Gary Player: A Game For Life DVD
Teacher’s Comments: I think you would be hard pressed to find a player with more enthusiasm and energy, or with stronger communications skills.
I love Gary Player. Several years ago at the Ford Senior Players Championship in Dearborn, my eldest son (then about ten) and I spent the day following Player and Chi Chi Rodriguez through a round. After about ten holes, Player left his caddy and ball and walked from the fairway to the ropes where we stood. He introduced himself to my son, shook his hand and asked how he did in school. He then asked if the boy liked golf. My son replied somewhat tentatively, but Player said: “Son, it doesn’t matter what you do. But whatever you want to do, you must practice, practice, practice.” Then he went back to his play.
My son was flabbergasted. I was even more so.
I had always liked Gary Player for his commitment to excellence. After that experience, Player became my all-time favorite.

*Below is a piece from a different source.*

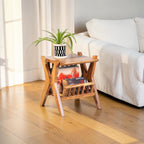 Homecrest handcrafted acacia wood Corbel side table with natural grain finish and a potted plant on top.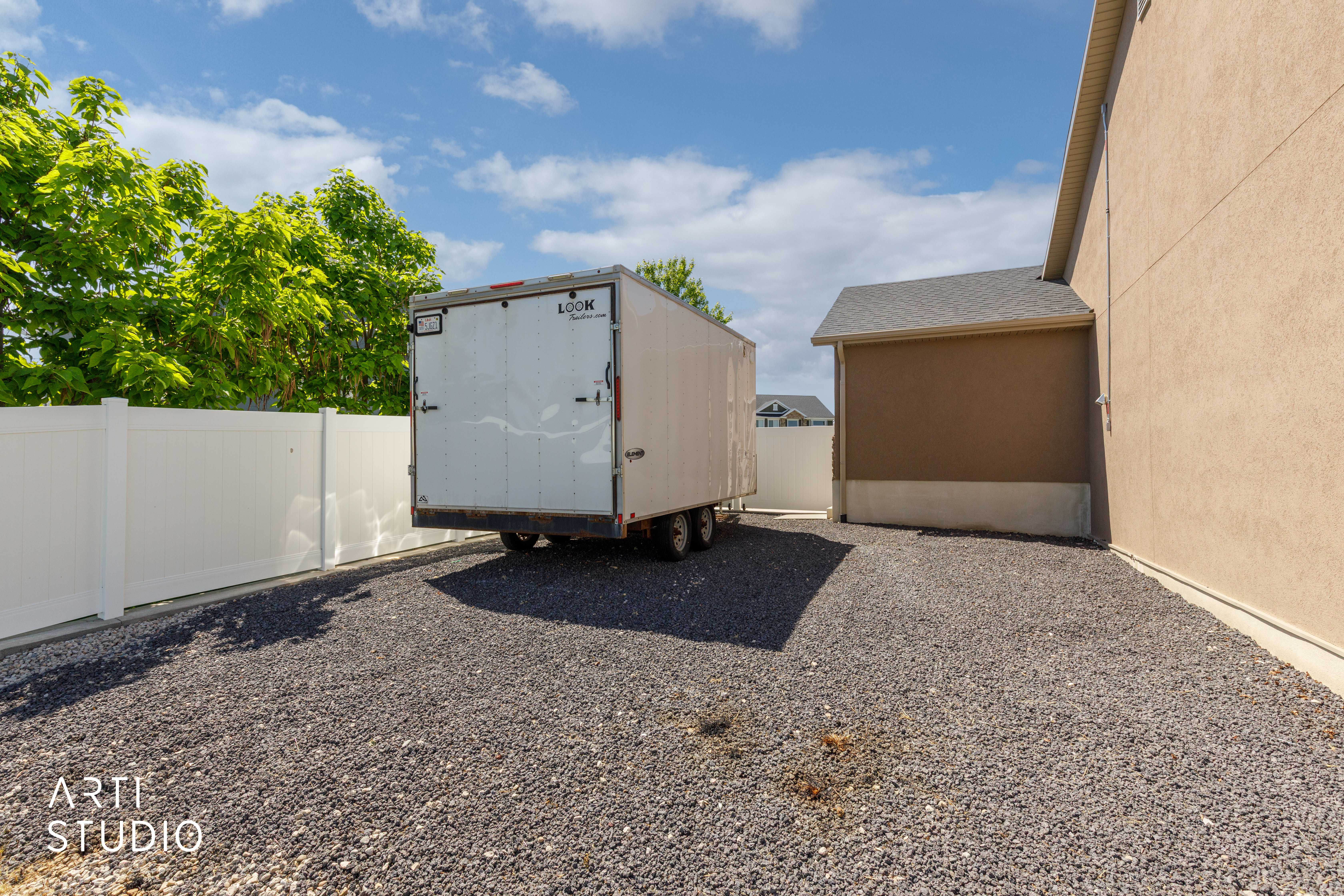Gravel parking area featuring a white vinyl fence and stucco exterior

Player won’t remember the incident, of course, but it made a big impact on a little kid. He doesn’t play golf, but does work hard at everything he does. He sometimes quotes Player: “The more I practice, the luckier I get.”
Player’s concern for the average golfer and fan was evident that day; it also is evident in his new DVD collection, Gary Player: A Game For Life.
The focus of A Game For Life is on improving the game of the average golfer (Indeed, the terms “average,” “recreational,” and “weekend golfer” is probably at least once a minute.) The focus on “average” is important because too many books and videos are overly technical and are frankly beyond the ken of the recreational golfer. Player’s focus is on things that will help you lower your scores, not to developing a “textbook” swing.
The mantra for this DVD is to “turn three into two.”
A Game For Life has an interesting format; it is essentially an extended interview between Player and “host” Peter Kessler. Player begins with a discussion of, say, putting and heads into the topic with his usual breakneck enthusiasm. After listening to his explanation for a while, Kessler then steps in to ask questions that the average golfer likely has at this point. Kessler is very good at this:
“Because anchoring is going to be outlawed, what do you recommend older players do … especially to combat the nerves.”
“When is the center of the cup not the center of the cup in terms of the break.”
“So now we have a shorter shot, which the recreational golfer feels as though he ought to be able to get up and down. If you have ten yards, show us what club the recreational golfer ought to use.”
Player responds to questions like these with clear and helpful advice, such as:
“I’m very anti weekend golfer pitching with wedges. I takes a lot of talent to do that. I recommend that they learn to use a nine iron.”
“The claw grip (which he then demonstrates” can help you keep the wrist from flipping.”
When standing in the fairway ten yards short of the green, Player takes a four iron and says “you play this exactly like a putter.”
The first of the DVDs begins rather oddly, with Player in a sand trap. It made me think that I had missed something, and I kept going back to the main menu to find the lead-in. There is none. The first DVD just covers sand play.
The second disk of A Game For Life covers pitching, chipping and putting. Player notes that 70 percent of all golf shots are inside 100 yards.
Finally the third DVD goes into health, nutrition and fitness. Player argues that if you are fit and health, you will be truly able to enjoy golf for your entire life.
I loved watching these DVDs. Player’s enthusiasm and energy is infectious and his advice immediately useful.
At some point, I’d like to talk to him again to pass on how much he impressed a certain GolfBlogger’s young son.